Pergeseran Fungsi dari Senjata Menjadi Simbol
Perkembangan zaman telah mengubah fungsi keris secara signifikan. Jawat menyebutkan bahwa saat ini hampir tidak ada lagi keris yang dibuat untuk keperluan peperangan. Hal ini disebabkan oleh perubahan sistem peperangan modern yang mengandalkan senjata jarak jauh, membuat keris tidak lagi relevan sebagai alat tempur.
Pada masa lalu, panjang keris umumnya berkisar 37 sentimeter. Namun, ketika menghadapi kolonial Belanda, muncul keris dengan panjang mencapai satu meter untuk menyesuaikan kebutuhan pertempuran saat itu. Kini, pembuatan keris lebih banyak didasarkan pada kebutuhan simbolik dan profesi.
Para dalang, misalnya, sering menggunakan keris jenis Pandawa Cinarito. Jenis keris ini dipercaya dapat membantu kelancaran berbicara mereka saat pertunjukan berlangsung.
Tantangan dalam Identifikasi dan Pelestarian
Di tengah pergeseran fungsi tersebut, Jawat mengingatkan masyarakat untuk berhati-hati dalam membeli keris. Ia menekankan pentingnya memahami pakem atau aturan dasar dalam identifikasi keris, seperti jumlah luk yang umumnya maksimal 13 pada keris lama.
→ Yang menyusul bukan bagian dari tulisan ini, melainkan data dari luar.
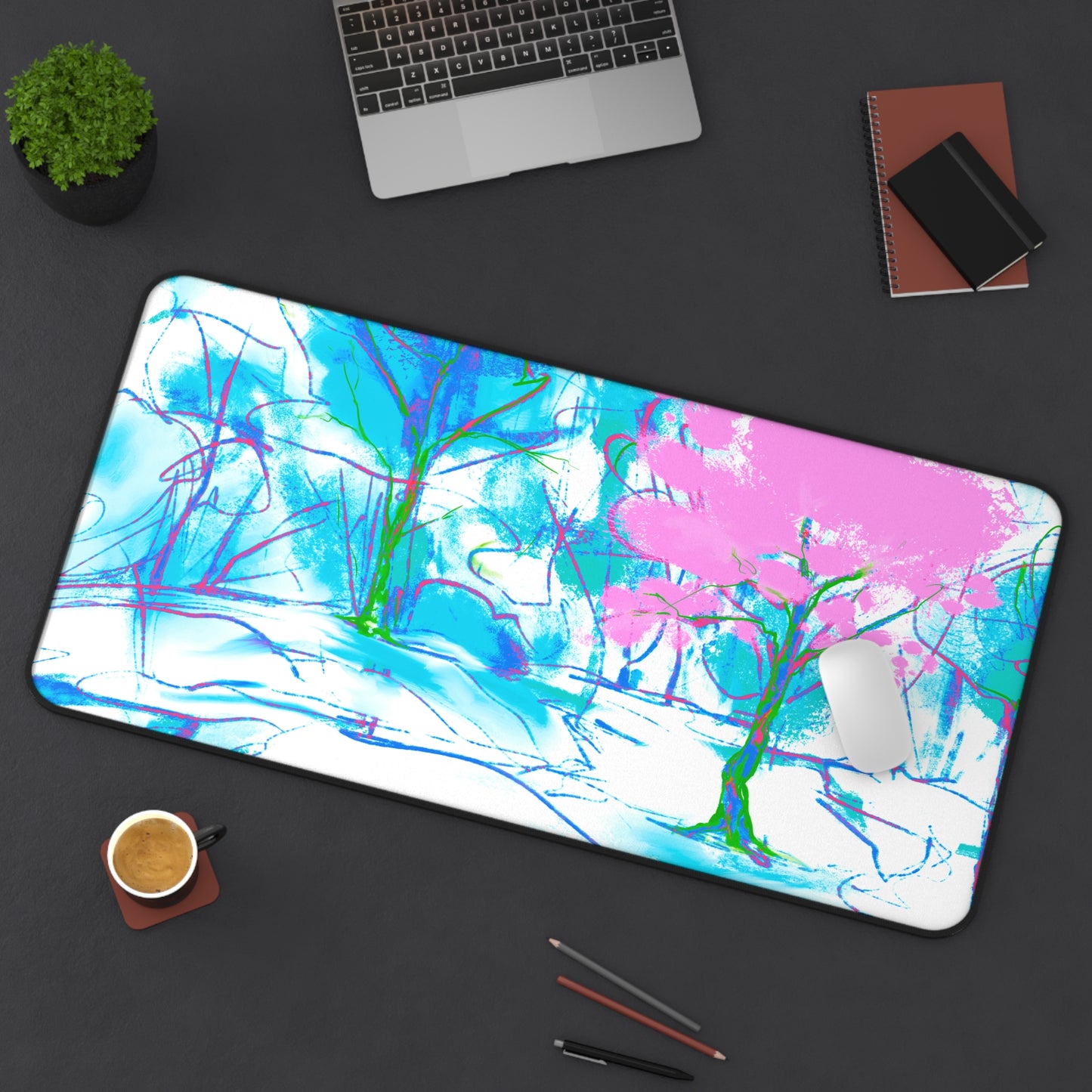 Joyful Landscapes Desk Mat, Pink, Green, and Periwinkle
Identifikasi keris juga dapat dilakukan melalui material penyusunnya. Warna abu-abu biasanya menunjukkan unsur baja, sedangkan warna hitam pekat menandakan besi. Pamor pada keris umumnya berasal dari bahan meteorit.
Menjaga keaslian keris di era modern menjadi tantangan tersendiri. Praktik replikasi oleh perajin memungkinkan keris baru dibuat menyerupai keris lama. Jawat juga menyoroti adanya klaim mistis yang kerap digunakan untuk menaikkan nilai jual.
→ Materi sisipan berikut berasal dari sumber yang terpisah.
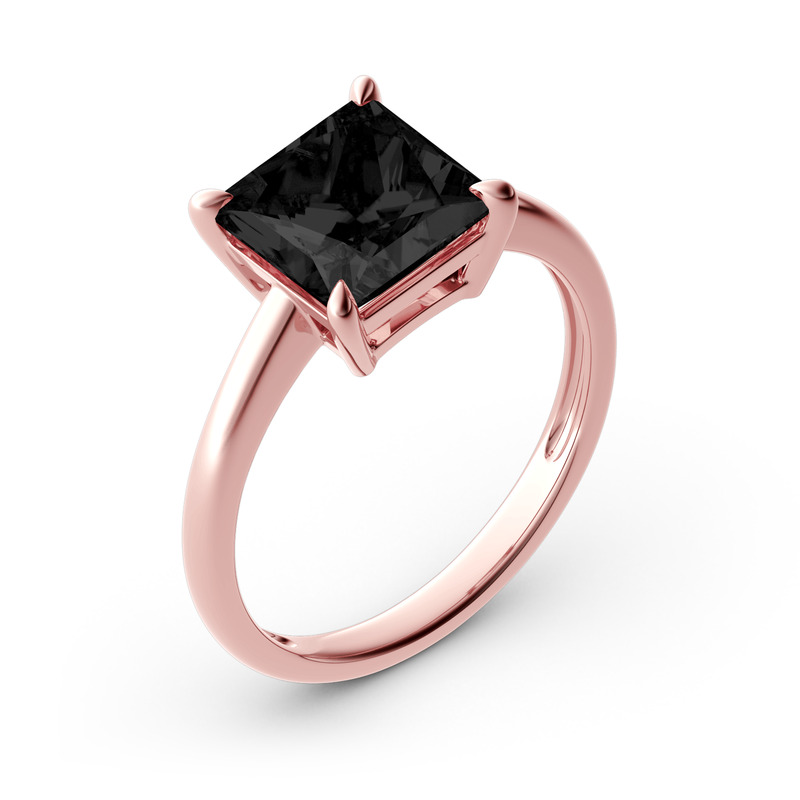 Jeulia Anello Solitario Taglio Princess Argento Sterling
“Tidak mungkin keris dengan bahan seperti itu dijual hanya Rp 500.000, jadi lebih baik membeli dari kolektor terpercaya atau memesan langsung ke empu,” jelas Jawat, seraya mengingatkan masyarakat, terutama generasi muda, agar tidak mudah percaya pada cerita yang tidak masuk akal dan mencurigai harga yang terlalu murah, terutama jika diklaim mengandung material berharga seperti emas atau berlian.